RECORDS SUPPLIED:
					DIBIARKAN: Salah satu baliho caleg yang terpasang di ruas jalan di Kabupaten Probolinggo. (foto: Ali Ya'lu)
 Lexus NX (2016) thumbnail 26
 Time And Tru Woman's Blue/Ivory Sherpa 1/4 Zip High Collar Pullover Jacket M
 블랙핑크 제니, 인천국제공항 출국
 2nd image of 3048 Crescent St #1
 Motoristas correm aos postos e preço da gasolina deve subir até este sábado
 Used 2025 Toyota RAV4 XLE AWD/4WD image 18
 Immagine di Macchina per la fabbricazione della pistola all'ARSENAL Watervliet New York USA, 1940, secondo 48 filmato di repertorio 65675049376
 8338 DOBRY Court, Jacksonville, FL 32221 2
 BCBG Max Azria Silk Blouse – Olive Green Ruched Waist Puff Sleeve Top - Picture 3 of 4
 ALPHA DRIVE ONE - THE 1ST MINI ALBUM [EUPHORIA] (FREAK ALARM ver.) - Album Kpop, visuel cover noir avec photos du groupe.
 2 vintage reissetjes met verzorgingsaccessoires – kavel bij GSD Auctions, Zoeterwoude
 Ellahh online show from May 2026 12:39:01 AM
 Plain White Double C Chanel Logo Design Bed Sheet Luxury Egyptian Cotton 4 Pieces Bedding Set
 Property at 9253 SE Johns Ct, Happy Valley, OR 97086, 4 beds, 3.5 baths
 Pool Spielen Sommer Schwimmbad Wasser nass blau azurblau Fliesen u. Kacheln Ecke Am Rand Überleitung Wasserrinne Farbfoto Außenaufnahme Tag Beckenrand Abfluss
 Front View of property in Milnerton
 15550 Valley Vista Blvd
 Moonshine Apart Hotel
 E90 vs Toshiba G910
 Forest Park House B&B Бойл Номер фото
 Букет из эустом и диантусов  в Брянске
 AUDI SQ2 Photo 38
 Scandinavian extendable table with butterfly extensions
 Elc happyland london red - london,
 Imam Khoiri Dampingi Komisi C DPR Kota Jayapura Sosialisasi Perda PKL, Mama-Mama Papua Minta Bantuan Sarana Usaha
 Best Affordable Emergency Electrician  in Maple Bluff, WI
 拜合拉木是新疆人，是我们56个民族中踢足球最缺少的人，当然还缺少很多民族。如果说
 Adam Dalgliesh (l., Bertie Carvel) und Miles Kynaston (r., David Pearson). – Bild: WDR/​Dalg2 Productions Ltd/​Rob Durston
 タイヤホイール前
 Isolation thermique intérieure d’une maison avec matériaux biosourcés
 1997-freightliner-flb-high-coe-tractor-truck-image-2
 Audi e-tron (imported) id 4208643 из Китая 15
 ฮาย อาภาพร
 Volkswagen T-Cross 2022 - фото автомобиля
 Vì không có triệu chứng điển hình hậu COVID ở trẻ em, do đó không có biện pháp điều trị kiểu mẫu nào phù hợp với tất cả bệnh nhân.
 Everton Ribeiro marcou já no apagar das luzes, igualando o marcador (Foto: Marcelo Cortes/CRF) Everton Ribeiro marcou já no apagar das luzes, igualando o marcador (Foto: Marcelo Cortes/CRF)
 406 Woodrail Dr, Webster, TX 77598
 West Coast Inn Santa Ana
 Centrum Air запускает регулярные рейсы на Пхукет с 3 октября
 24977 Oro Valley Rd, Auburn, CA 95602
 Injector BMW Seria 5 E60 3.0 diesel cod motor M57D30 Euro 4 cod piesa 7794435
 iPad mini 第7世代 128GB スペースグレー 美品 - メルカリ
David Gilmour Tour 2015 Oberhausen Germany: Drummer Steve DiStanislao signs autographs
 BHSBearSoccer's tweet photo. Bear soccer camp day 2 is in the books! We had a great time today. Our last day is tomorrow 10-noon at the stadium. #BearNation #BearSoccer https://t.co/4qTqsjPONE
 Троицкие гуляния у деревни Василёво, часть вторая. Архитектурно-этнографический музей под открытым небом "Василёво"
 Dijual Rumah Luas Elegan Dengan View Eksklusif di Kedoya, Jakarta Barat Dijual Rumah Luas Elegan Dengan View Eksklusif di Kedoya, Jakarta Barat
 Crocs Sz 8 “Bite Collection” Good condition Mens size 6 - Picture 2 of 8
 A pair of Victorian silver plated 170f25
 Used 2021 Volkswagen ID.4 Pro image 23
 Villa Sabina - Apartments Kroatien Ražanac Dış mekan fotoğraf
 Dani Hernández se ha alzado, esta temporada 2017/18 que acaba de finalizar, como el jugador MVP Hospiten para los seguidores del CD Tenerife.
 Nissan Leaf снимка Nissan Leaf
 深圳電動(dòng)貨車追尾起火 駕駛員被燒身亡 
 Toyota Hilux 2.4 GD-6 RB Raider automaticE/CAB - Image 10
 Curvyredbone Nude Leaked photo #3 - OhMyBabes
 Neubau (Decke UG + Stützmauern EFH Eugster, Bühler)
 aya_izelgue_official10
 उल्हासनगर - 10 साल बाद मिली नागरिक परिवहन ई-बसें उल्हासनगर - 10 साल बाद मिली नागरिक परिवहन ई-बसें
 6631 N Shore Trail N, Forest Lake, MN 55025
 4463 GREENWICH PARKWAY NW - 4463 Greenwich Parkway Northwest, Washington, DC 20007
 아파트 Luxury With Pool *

WHAT IS EXPECTED:
Take the lines above from the one containing "Motoristas correm aos" to the one containing "Isolation thermique intérieure" and retype them exactly, both ends included, with nothing added.

ANSWER FOR THIS EXERCISE:
 Motoristas correm aos postos e preço da gasolina deve subir até este sábado
 Used 2025 Toyota RAV4 XLE AWD/4WD image 18
 Immagine di Macchina per la fabbricazione della pistola all'ARSENAL Watervliet New York USA, 1940, secondo 48 filmato di repertorio 65675049376
 8338 DOBRY Court, Jacksonville, FL 32221 2
 BCBG Max Azria Silk Blouse – Olive Green Ruched Waist Puff Sleeve Top - Picture 3 of 4
 ALPHA DRIVE ONE - THE 1ST MINI ALBUM [EUPHORIA] (FREAK ALARM ver.) - Album Kpop, visuel cover noir avec photos du groupe.
 2 vintage reissetjes met verzorgingsaccessoires – kavel bij GSD Auctions, Zoeterwoude
 Ellahh online show from May 2026 12:39:01 AM
 Plain White Double C Chanel Logo Design Bed Sheet Luxury Egyptian Cotton 4 Pieces Bedding Set
 Property at 9253 SE Johns Ct, Happy Valley, OR 97086, 4 beds, 3.5 baths
 Pool Spielen Sommer Schwimmbad Wasser nass blau azurblau Fliesen u. Kacheln Ecke Am Rand Überleitung Wasserrinne Farbfoto Außenaufnahme Tag Beckenrand Abfluss
 Front View of property in Milnerton
 15550 Valley Vista Blvd
 Moonshine Apart Hotel
 E90 vs Toshiba G910
 Forest Park House B&B Бойл Номер фото
 Букет из эустом и диантусов  в Брянске
 AUDI SQ2 Photo 38
 Scandinavian extendable table with butterfly extensions
 Elc happyland london red - london,
 Imam Khoiri Dampingi Komisi C DPR Kota Jayapura Sosialisasi Perda PKL, Mama-Mama Papua Minta Bantuan Sarana Usaha
 Best Affordable Emergency Electrician  in Maple Bluff, WI
 拜合拉木是新疆人，是我们56个民族中踢足球最缺少的人，当然还缺少很多民族。如果说
 Adam Dalgliesh (l., Bertie Carvel) und Miles Kynaston (r., David Pearson). – Bild: WDR/​Dalg2 Productions Ltd/​Rob Durston
 タイヤホイール前
 Isolation thermique intérieure d’une maison avec matériaux biosourcés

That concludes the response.